| Problem requirements |
Among the entries below, one stretch runs from the line that contains "Radio Authentique" through the line that contains "克魯帕克是正規投資平臺嗎？龍虎飛帶單BTCUSD虧損慘重！". Repeat that stretch exactly, ends included, and only that.

| Records shown |
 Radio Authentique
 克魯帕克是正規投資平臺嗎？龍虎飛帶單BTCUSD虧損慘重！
--
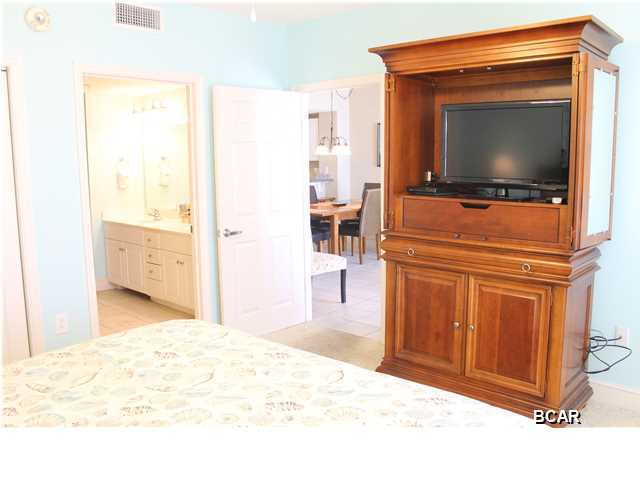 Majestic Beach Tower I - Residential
==
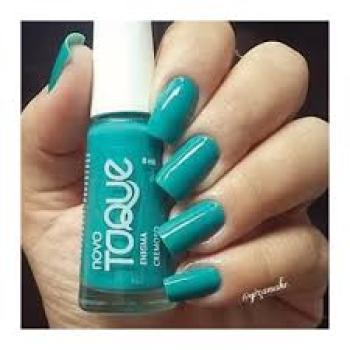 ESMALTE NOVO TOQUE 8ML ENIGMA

| Finished task |
 Radio Authentique
 克魯帕克是正規投資平臺嗎？龍虎飛帶單BTCUSD虧損慘重！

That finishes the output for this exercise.